A new report claims that the Commerce Department’s voluntary cybersecurty framework could end up undermining the online protections it seeks.

The report from George Mason University’s Mercatus Center claimed that the plan amounts to “opaque control” of the Internet, which could undermine the “spontaneous, creative sources of experimentation and feedback that drive Internet innovation.”

Companies, the authors wrote, “already have intrinsic incentives to develop cybersecurity solutions” without a formal government plan. Those standards, in fact, are based on industry norms and market trends which “are more robust, effective, and affordable than state-directed alternatives,” they added.

The voluntary framework released by the Commerce Department in February outlines how financial services firms, power companies and other critical infrastructure businesses can beef up their protections against cyberattacks. Supporters have said that the guide is a step towards safer networks and critical protections against a future impending cyberattack.

Lawmakers and administration officials have warned of a “cyber Pearl Harbor” for which the US is currently unprepared. But study authors Eli Dourado and Andrea Castillo say that that kind of rhetoric is overblown and serves as a distraction from the steady stream of data breaches and cyber spying that authorities should be going after.

Sen Franken asks Netflix to join fight against Comcast deal

Sen Al Franken (D-MN) is asking Netflix to weigh in on the proposed merger of Comcast and Time Warner Cable. In a letter, Sen Franken asked Netflix CEO Reed Hastings, who recently took to his company's blog to slam Comcast, to "gauge the risks posed by this deal."
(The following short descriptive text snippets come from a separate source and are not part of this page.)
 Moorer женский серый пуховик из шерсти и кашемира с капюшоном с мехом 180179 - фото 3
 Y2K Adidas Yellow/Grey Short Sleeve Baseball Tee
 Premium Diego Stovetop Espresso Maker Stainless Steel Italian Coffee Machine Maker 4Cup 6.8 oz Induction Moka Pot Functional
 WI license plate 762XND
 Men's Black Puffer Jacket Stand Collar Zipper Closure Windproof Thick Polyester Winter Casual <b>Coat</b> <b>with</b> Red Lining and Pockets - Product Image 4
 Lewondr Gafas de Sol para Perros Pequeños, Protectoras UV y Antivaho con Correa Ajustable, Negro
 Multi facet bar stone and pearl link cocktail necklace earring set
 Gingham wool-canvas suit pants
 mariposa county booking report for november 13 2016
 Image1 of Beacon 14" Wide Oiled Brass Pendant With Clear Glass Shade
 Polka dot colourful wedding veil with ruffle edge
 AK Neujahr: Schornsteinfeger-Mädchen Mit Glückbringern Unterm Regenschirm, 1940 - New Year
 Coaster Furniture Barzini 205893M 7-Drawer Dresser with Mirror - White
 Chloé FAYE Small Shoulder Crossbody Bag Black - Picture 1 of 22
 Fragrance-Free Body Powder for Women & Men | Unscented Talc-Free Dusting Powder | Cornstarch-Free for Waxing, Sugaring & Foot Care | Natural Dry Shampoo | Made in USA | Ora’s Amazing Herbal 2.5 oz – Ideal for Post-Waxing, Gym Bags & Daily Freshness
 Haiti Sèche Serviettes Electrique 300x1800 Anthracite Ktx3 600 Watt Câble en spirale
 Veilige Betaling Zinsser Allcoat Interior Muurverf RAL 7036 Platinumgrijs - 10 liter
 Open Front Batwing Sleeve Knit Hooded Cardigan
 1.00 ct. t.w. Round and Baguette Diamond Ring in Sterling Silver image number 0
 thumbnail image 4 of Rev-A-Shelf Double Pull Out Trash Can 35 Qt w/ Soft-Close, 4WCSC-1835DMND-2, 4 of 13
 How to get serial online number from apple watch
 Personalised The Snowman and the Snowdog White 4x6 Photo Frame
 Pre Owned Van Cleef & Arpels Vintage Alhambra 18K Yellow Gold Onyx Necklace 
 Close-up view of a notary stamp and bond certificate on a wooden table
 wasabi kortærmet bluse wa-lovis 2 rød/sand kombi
Sen Franken has been one of Congress's most vocal opponents of a deal to combine the country's top two cable companies, which is currently being evaluated by the Department of Justice and the Federal Communications Commission (FCC).

In a Senate Judiciary Committee hearing and television appearances, Sen Franken pushed back on the companies' claims that a merger would help them compete against telecoms like AT&T and Verizon and Internet media companies like Netflix. Instead, Sen Franken said the merger would add to Comcast's market share, giving it too much leverage over customers and Internet content providers.

In his letter, Franken noted the "extensive programming portfolio" -- which Comcast acquired when it purchased NBC Universal in 2011 -- that makes it a competitor to Netflix. A Netflix spokesman said the company has "received senator Franken's letter and plan[s] to respond to his inquiry."

AT&T threatens to boycott airwave auction

AT&T is threatening to sit out the Federal Communications Commission’s highly anticipated spectrum auction in 2015, which will sell billions of dollars’ worth of airwaves.

As the FCC plans the auction, it is considering "complicated and unnecessary" restrictions on large companies, AT&T Vice President Joan Marsh said. “Such restrictions would put AT&T in an untenable position, forcing AT&T to reevaluate its potential participation in the auction,” Marsh wrote.

AT&T’s filing pointed to the auction’s x-factors, including where the FCC sets the revenue benchmark. The proposal in front of the agency -- which will be voted on at the FCC’s May meeting -- “does not define the threshold for initiation of the restrictions, instead deferring this determination to a subsequent order,” Marsh wrote. She urged the FCC to set the benchmark “at a significant and material level” to keep the small wireless carriers from getting the airwaves “at a discount that the FCC cannot afford to give in this auction.”

Marsh also noted the uncertainty around how much of their airwaves broadcasters will be willing to sell back. If they’re only willing to sell back 60 MHz or less, AT&T and Verizon will be forced to split the available three 10-MHz blocks.

“The restrictions would thus put AT&T in an untenable and unacceptable position,” the filing said. “AT&T could either participate in the auction, accepting that it will likely obtain only a fragmented and inefficient 600 MHz footprint, or it can choose to withhold its capital for other investments and sit out of the auction entirely.”